*To do*: The task for the listing below is to write out exactly the lines starting at the one containing "Vintage Jewelry 西洋古董飾品 金色調 環圈小流蘇 針式耳環" and ending at the one containing "Laura Ashley Womens", both included. Pictures are to be omitted.
Top of Dataset
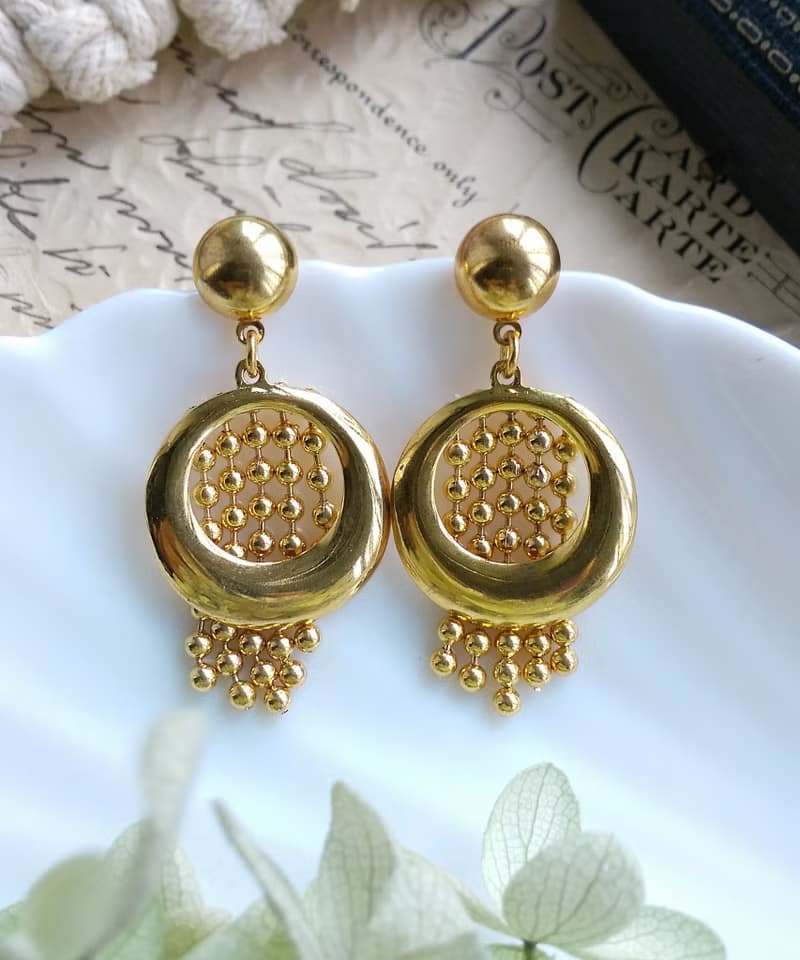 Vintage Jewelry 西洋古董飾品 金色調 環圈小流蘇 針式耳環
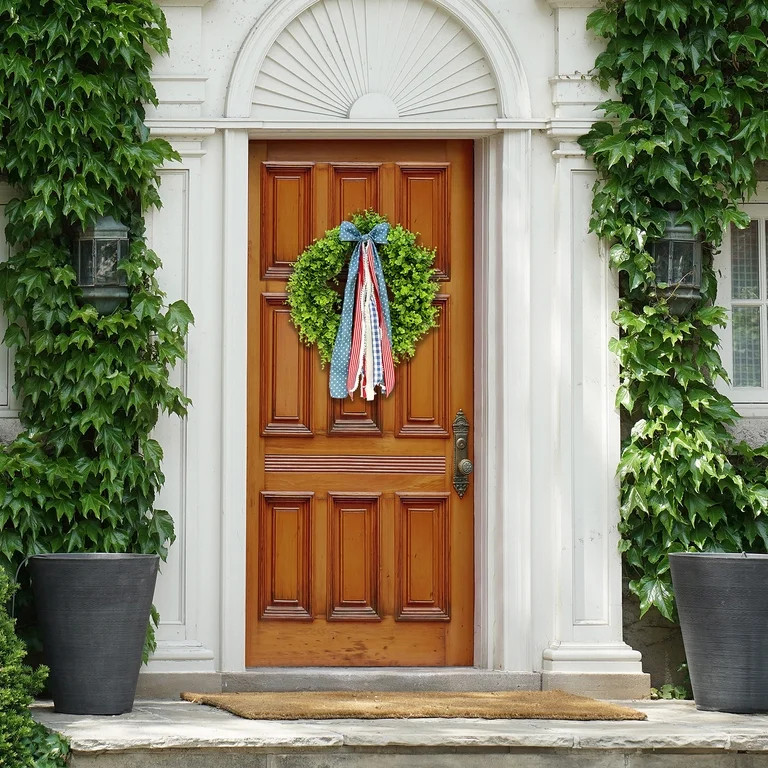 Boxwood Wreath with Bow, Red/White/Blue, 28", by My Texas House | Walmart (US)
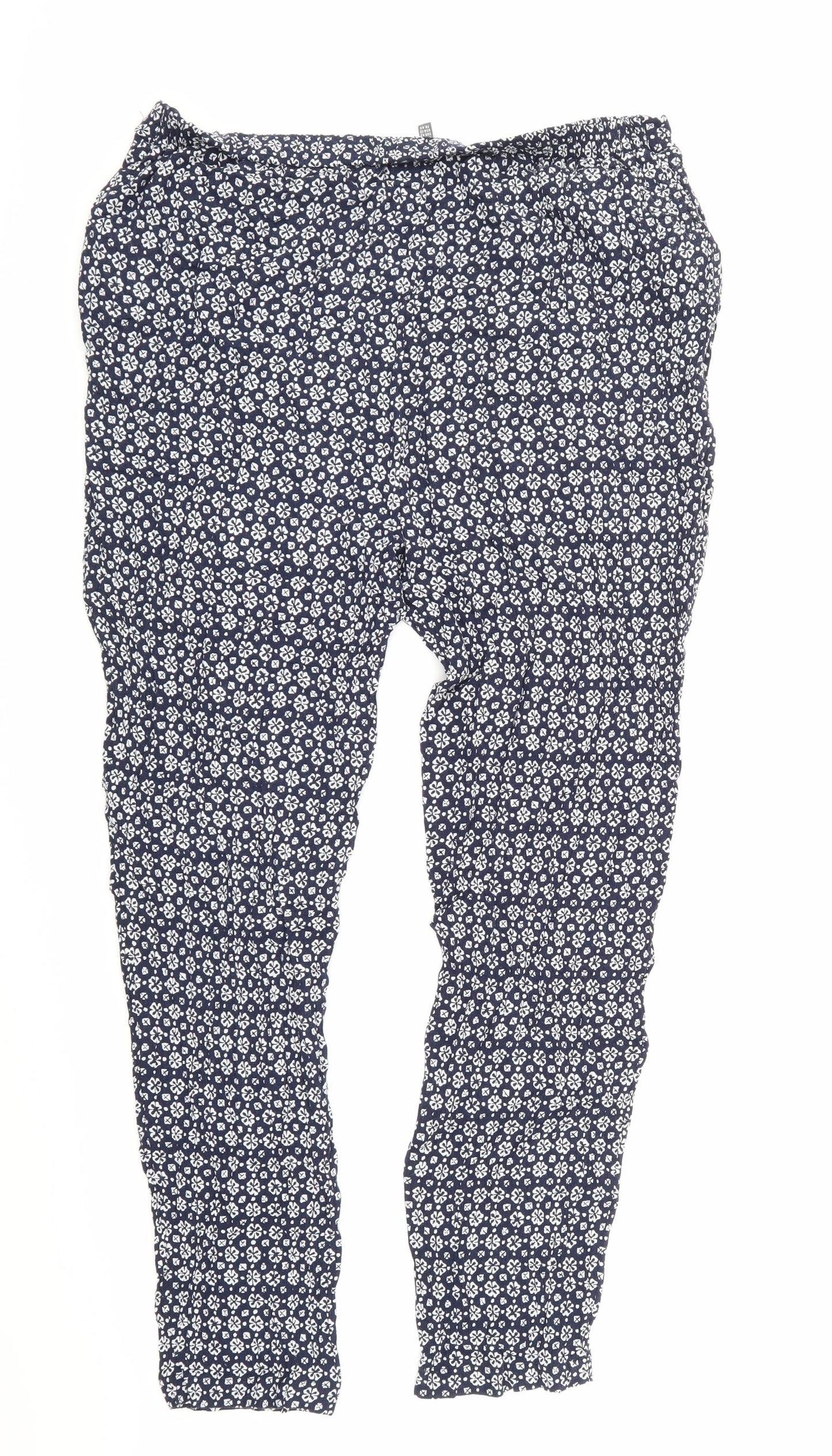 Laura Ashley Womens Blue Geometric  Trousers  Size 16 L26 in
Bottom of Dataset
Top of Dataset
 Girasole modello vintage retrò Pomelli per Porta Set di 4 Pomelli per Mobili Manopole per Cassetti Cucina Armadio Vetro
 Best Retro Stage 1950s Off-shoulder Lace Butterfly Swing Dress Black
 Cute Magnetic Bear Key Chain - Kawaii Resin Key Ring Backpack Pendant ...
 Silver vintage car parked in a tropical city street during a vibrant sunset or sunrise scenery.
Bottom of Dataset
*Answer box*:
 Vintage Jewelry 西洋古董飾品 金色調 環圈小流蘇 針式耳環
 Boxwood Wreath with Bow, Red/White/Blue, 28", by My Texas House | Walmart (US)
 Laura Ashley Womens Blue Geometric  Trousers  Size 16 L26 in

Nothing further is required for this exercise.